Section 908 of the Pennsylvania Municipalities Planning Code, Act of July 31, 1968, P.L. 805, as amended, 53 P.S. §10908(7), provides that zoning hearing boards shall keep stenographic records and provide transcripts of their hearings. The Bridge-ville Borough Zoning Hearing Board made no stenographic record of its hearing in this case and, of course, there is no transcript. All that we have from the Zoning Hearing' Board is their decision and it is apparent from this document that no witnesses testified under oath as Section 908 of the Code also provides. We are required, therefore, to vacate the order below and remand the matter so that the Zoning Hearing Board may conduct the hearing in the manner required by the Code. Swift v. East Hempfield Township Zoning Hearing Board, 20 Pa. Commonwealth Ct. 87, 340 A.2d 592 (1975); Schelley v. Zoning Board of Adjustment, 8 Pa. Commonwealth Ct. 169, 302 A.2d 526 (1973).

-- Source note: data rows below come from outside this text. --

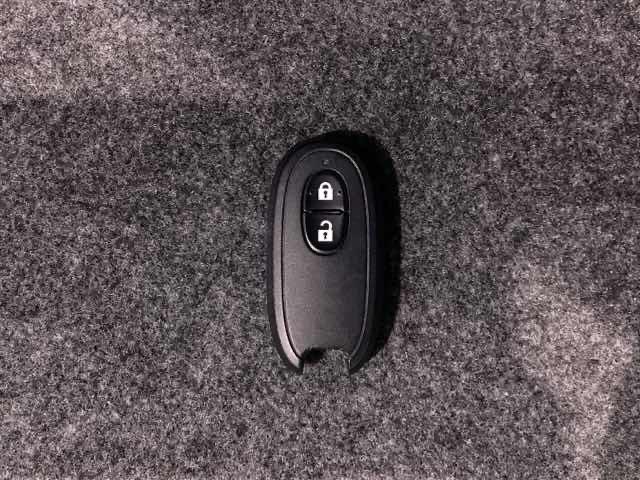 �X�}�[�g�L�[�͌����o�b�O�ɓ��ꂽ�܂܂ł��h�A���b�N�̊J��G���W���̂n�m�E�n�e�e���ł��܂��B��Ԃ�J�̓�������T���Ȃ��ėǂ��̂ŕ֗��ł��B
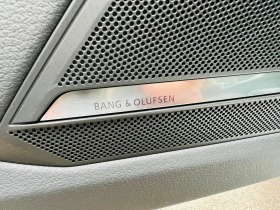 Audi A7 50TDI 3XS-Line B&O Quattro  | Mobile.bg   8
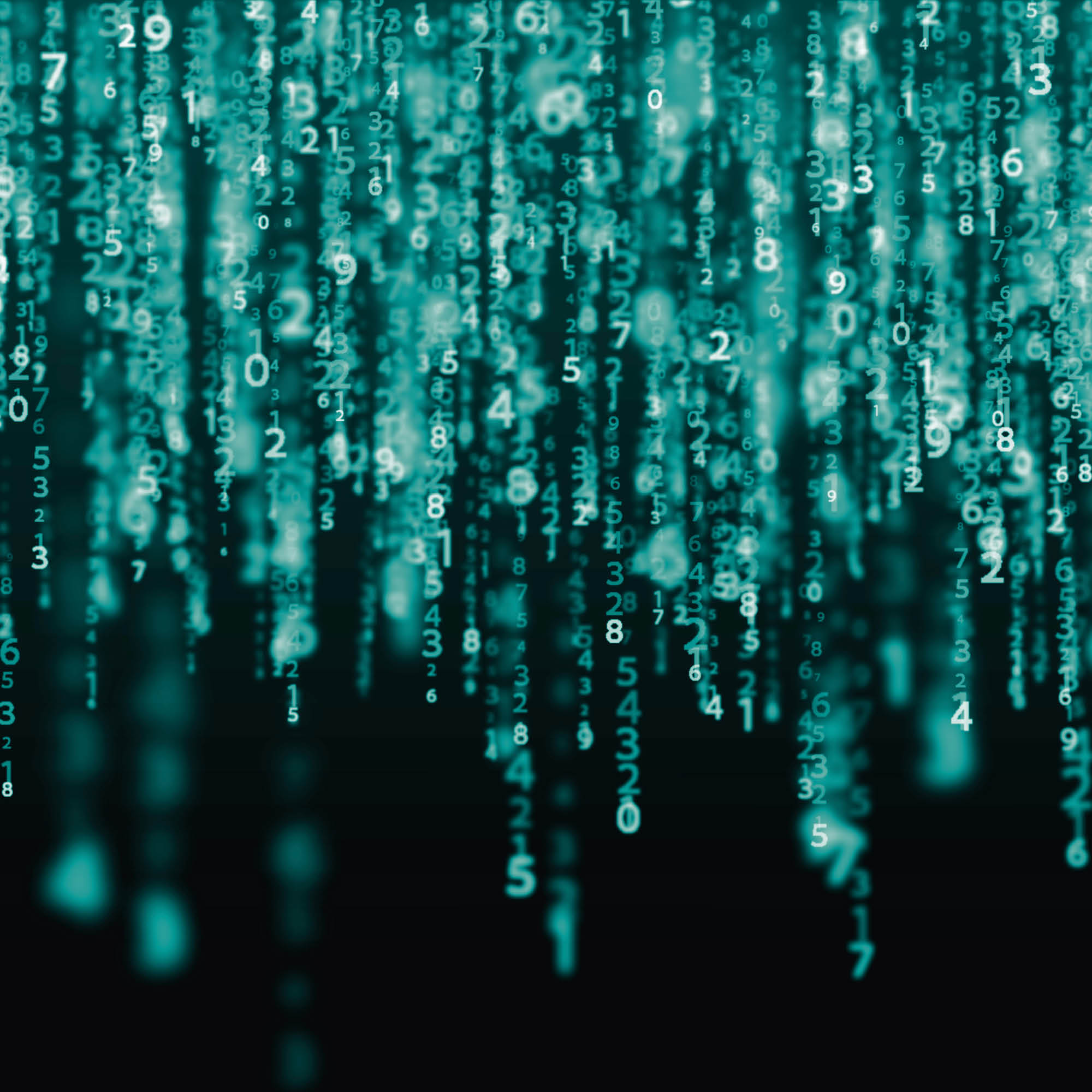 iFMS skal gi melkebønder bedre dager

An evidentiary hearing conducted as the Code requires is essential in this case because there appears to have been no showing, or the possibility of showing, by Wright of the unnecessary hardship necessary to support a variance. Not only is Wright's lot not uniquely burdened by the side yard requirement, but the plans submitted with his applications indicate that at the place where he wants to build the garage his back yard is at least forty feet wide, which after allowance for side yards aggregating sixteen feet, would seem to accommodate a garage twenty-four feet wide. According to his application for a building permit, Wright proposes to build a two-car garage thirty feet wide. The court below recognized that Wright had little case for a variance but declined to reverse the Zoning Hearing Board's order because the circumstances were such that Wright might have had a vested right in the building permit. If he does, of course, he had no need of a variance. But this is a subject which requires an intensive exploration of the facts surrounding his application for the building permit at an evidentiary hearing. A recent exposition of the elements required to establish a vested right in a building permit appears in Petrosky v. Zoning Hearing Board of Upper Chichester, 485 Pa. 501, 402 A.2d 1385 (1979).

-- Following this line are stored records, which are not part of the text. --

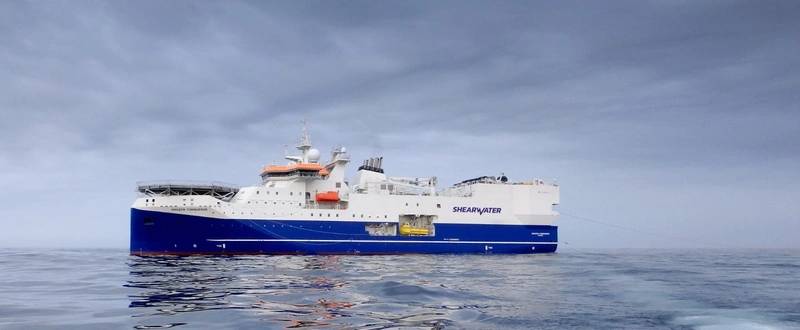 https://images.marinetechnologynews.com/images/maritime/w800/amazon-conqueror-161303.jpg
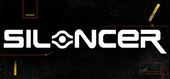 Silencer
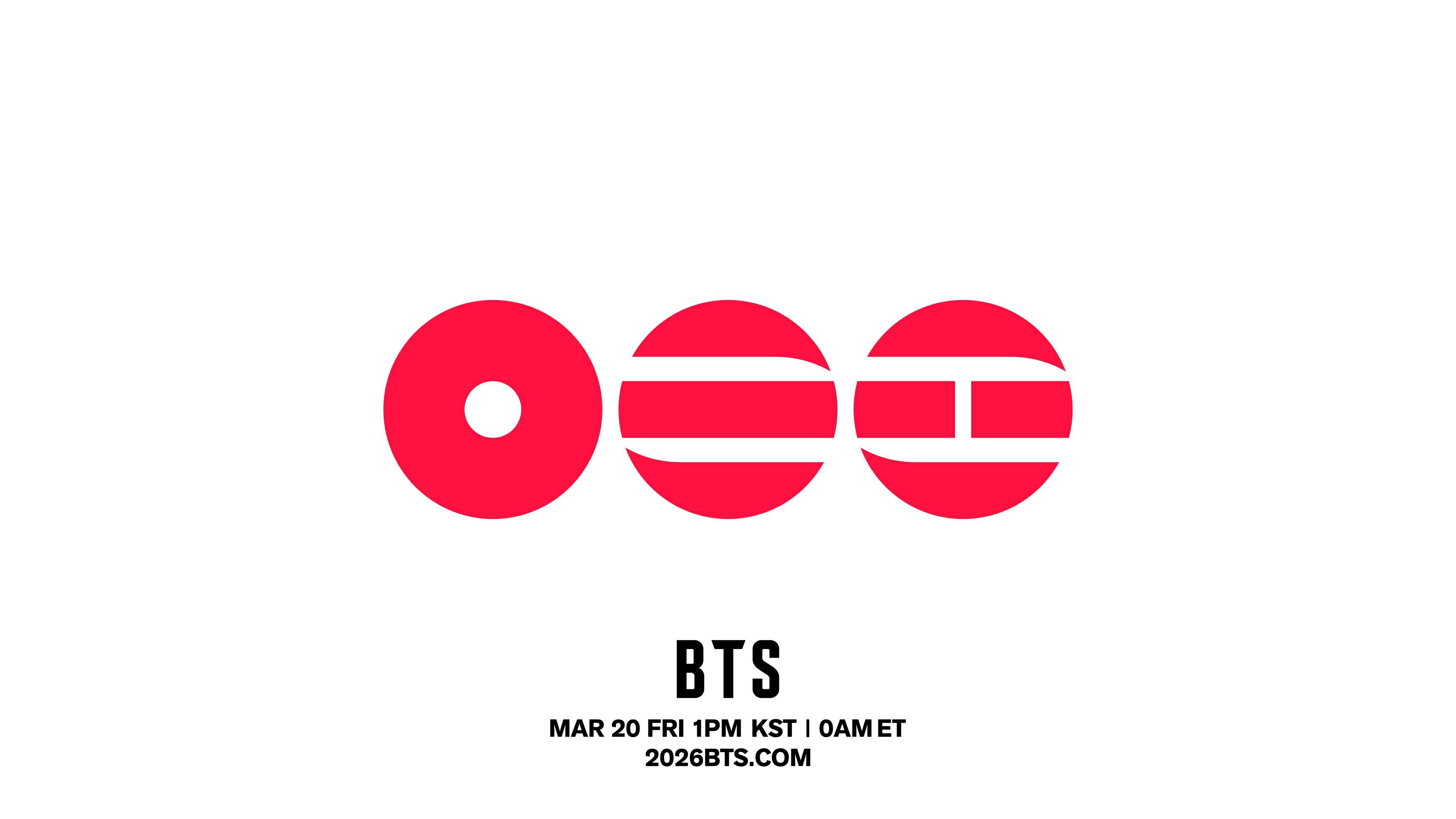 予約】2026.3.21発売BTS 『ARIRANG』Living Legend Ver.※購入者特典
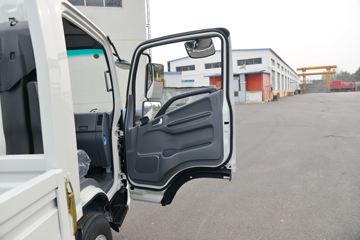  ˧Q3 130 3.7׵Ῠ(HFC1041P73K1B4S)ͼƬ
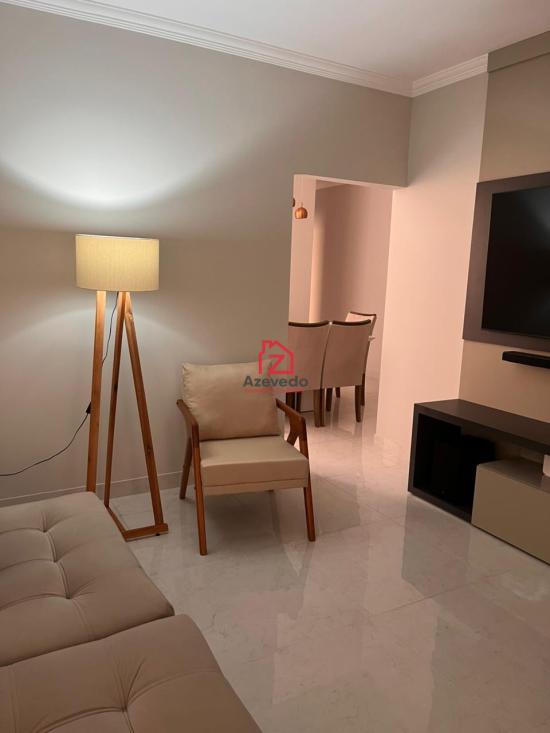 casa-venda-bairro-parque-das-industrias-betim-1094948
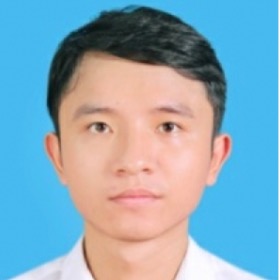 NGUYỄN NGỌC TRƯỜNG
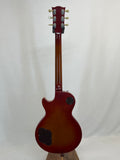 Used 1970-72 Gibson Les Paul Deluxe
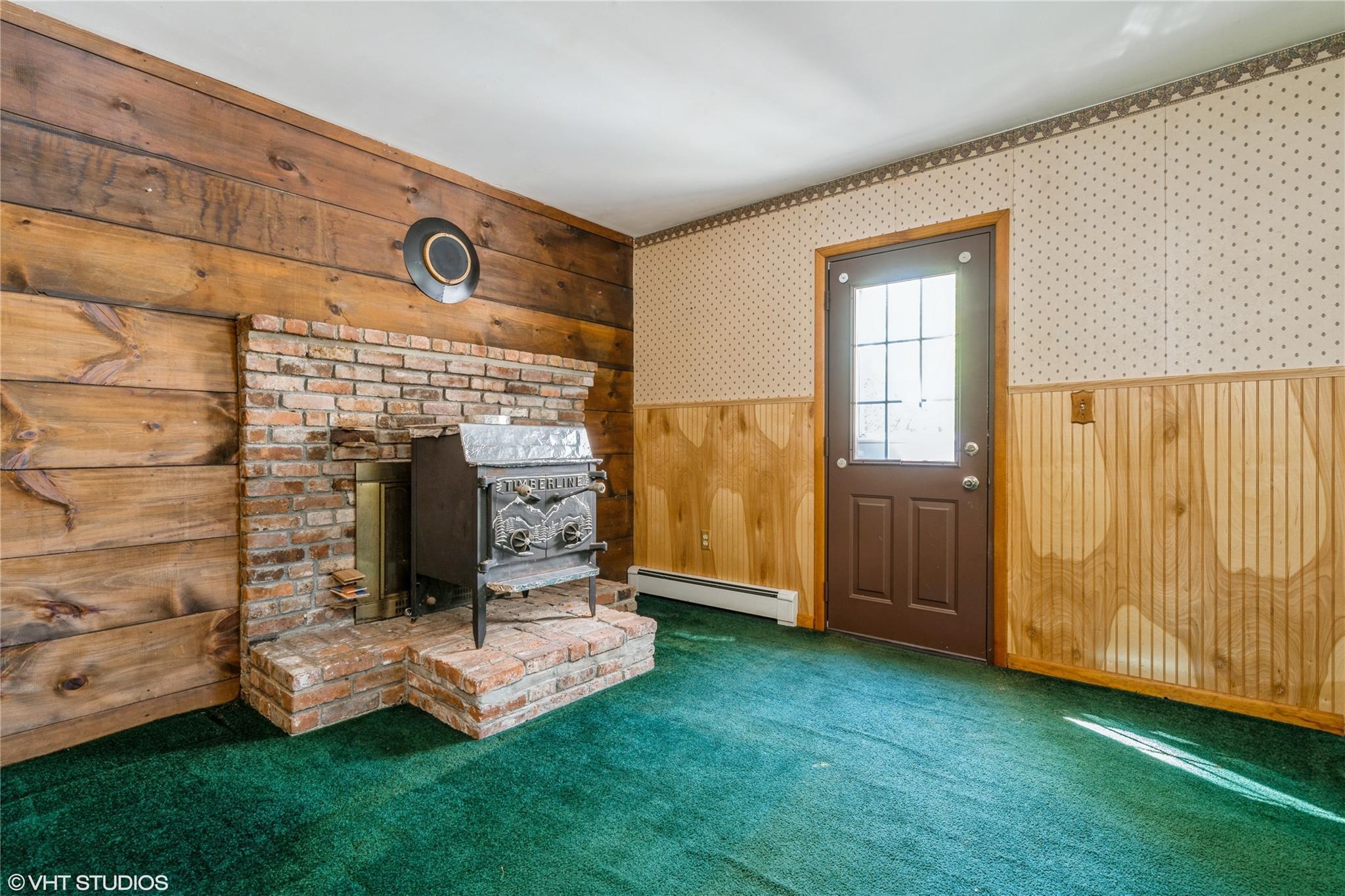 Single Family Douglas  Orange County, NY 10992, MLS-852606-20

Order vacated; record remanded for a hearing by the Zoning Hearing Board of Bridgeville Borough and further proceedings not inconsistent with this opinion.
Order
And Now, this 3rd day of Jane, 1982, the order of the Court of Common Pleas of Allegheny County dated August 5, 1981 is vacated; the record is remanded for a hearing by the Zoning Hearing Board of Bridgeville Borough and further proceedings not inconsistent with this opinion.
Wright's application to the Zoning Hearing Board made following the revocation of his 1980 building permit while plainly applying for a variance also raises the propriety of the revocation of the permit based on money spent in reliance upon it.